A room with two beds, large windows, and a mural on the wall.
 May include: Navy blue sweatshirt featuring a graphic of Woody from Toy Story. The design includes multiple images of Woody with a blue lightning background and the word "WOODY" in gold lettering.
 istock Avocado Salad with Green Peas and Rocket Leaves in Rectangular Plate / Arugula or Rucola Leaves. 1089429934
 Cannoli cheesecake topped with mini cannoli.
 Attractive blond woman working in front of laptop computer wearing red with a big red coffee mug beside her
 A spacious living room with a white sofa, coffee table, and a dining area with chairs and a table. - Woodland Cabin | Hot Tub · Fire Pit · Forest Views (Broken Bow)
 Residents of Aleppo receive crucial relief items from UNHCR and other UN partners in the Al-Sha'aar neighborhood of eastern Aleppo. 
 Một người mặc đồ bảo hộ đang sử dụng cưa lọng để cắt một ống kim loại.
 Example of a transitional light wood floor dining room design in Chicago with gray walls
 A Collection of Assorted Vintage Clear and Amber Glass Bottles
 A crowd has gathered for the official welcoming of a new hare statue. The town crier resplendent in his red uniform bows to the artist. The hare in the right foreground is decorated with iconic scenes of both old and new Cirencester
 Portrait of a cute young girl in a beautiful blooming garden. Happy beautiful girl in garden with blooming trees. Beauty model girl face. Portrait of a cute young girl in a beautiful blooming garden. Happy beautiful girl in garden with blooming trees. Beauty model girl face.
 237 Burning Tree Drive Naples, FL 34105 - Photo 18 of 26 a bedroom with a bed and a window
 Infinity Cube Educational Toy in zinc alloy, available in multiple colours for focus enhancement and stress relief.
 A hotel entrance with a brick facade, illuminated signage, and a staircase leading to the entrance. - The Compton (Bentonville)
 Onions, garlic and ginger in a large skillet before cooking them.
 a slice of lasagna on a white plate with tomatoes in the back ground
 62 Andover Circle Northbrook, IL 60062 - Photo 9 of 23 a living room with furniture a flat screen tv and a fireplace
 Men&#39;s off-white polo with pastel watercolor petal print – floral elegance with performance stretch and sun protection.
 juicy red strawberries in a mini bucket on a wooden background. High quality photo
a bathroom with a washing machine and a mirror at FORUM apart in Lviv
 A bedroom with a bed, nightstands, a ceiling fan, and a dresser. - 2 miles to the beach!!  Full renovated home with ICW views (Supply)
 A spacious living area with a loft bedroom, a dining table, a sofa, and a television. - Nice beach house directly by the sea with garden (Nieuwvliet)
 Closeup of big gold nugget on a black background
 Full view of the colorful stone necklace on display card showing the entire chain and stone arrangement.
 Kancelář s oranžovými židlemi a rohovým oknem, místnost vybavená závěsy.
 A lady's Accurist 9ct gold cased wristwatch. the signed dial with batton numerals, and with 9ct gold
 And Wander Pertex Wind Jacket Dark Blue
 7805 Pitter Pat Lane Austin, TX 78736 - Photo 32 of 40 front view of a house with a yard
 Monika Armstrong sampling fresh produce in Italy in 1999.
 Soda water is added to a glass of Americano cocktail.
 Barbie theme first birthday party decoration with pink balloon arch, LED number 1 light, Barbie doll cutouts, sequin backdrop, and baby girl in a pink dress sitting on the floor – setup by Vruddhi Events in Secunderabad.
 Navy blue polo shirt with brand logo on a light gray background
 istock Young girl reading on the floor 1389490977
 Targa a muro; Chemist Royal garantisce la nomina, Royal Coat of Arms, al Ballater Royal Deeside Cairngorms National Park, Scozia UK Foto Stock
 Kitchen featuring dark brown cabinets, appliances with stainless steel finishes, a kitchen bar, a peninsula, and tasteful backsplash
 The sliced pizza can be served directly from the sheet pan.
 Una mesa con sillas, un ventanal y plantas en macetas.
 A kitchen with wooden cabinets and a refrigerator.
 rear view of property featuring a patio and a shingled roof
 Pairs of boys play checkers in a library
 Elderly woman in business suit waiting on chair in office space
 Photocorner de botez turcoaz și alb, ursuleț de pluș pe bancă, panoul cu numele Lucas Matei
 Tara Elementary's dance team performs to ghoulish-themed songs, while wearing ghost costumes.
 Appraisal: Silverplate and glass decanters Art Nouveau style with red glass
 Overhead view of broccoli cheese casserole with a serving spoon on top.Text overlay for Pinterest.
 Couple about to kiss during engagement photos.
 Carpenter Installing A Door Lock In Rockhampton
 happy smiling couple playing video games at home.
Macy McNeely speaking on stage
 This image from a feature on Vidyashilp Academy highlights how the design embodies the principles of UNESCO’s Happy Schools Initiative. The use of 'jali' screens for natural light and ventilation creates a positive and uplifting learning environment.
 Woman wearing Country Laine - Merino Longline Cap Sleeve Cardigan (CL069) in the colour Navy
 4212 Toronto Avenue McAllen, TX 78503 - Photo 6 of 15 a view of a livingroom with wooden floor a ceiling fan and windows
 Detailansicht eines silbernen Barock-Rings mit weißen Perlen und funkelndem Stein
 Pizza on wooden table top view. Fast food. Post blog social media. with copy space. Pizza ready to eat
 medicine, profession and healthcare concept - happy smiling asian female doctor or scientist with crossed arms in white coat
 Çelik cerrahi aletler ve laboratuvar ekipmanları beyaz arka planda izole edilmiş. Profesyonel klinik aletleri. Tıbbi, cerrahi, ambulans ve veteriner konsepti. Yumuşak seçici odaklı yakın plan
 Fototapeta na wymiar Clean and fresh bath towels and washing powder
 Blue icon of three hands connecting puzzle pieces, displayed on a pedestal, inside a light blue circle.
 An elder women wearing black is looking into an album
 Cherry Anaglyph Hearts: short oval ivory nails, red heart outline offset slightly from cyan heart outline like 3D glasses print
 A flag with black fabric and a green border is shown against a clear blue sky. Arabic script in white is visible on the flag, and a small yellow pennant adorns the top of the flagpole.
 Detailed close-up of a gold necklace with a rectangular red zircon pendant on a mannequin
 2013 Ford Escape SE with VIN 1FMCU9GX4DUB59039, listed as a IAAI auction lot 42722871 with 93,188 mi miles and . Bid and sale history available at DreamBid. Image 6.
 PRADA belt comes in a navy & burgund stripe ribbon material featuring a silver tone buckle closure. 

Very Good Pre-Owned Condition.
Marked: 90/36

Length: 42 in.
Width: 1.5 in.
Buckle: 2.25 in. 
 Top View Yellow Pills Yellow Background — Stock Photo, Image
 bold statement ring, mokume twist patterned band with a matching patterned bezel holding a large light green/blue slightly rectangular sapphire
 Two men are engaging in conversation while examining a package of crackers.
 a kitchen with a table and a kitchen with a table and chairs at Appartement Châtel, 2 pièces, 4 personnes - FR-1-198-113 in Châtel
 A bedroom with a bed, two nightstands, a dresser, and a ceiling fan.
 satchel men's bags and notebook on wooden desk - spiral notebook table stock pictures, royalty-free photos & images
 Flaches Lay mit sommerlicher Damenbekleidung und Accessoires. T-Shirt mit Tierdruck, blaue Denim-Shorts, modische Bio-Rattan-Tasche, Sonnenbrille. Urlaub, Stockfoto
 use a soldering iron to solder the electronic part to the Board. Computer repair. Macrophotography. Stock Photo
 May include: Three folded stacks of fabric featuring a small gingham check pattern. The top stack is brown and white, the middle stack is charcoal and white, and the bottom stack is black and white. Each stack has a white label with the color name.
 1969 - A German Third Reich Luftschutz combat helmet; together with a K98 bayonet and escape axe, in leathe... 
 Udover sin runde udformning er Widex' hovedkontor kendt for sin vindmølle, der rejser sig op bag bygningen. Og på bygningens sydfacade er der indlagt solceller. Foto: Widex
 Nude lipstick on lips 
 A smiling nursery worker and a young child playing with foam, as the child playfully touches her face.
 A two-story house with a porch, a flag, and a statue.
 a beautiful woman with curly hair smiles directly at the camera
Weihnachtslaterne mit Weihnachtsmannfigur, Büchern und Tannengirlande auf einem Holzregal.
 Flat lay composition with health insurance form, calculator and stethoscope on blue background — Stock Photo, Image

---

* _Problem description_:
Print the records above verbatim from their first line to the line containing "A Collection of", both included, and stop there.

* _Problem solution_:
A room with two beds, large windows, and a mural on the wall.
 May include: Navy blue sweatshirt featuring a graphic of Woody from Toy Story. The design includes multiple images of Woody with a blue lightning background and the word "WOODY" in gold lettering.
 istock Avocado Salad with Green Peas and Rocket Leaves in Rectangular Plate / Arugula or Rucola Leaves. 1089429934
 Cannoli cheesecake topped with mini cannoli.
 Attractive blond woman working in front of laptop computer wearing red with a big red coffee mug beside her
 A spacious living room with a white sofa, coffee table, and a dining area with chairs and a table. - Woodland Cabin | Hot Tub · Fire Pit · Forest Views (Broken Bow)
 Residents of Aleppo receive crucial relief items from UNHCR and other UN partners in the Al-Sha'aar neighborhood of eastern Aleppo. 
 Một người mặc đồ bảo hộ đang sử dụng cưa lọng để cắt một ống kim loại.
 Example of a transitional light wood floor dining room design in Chicago with gray walls
 A Collection of Assorted Vintage Clear and Amber Glass Bottles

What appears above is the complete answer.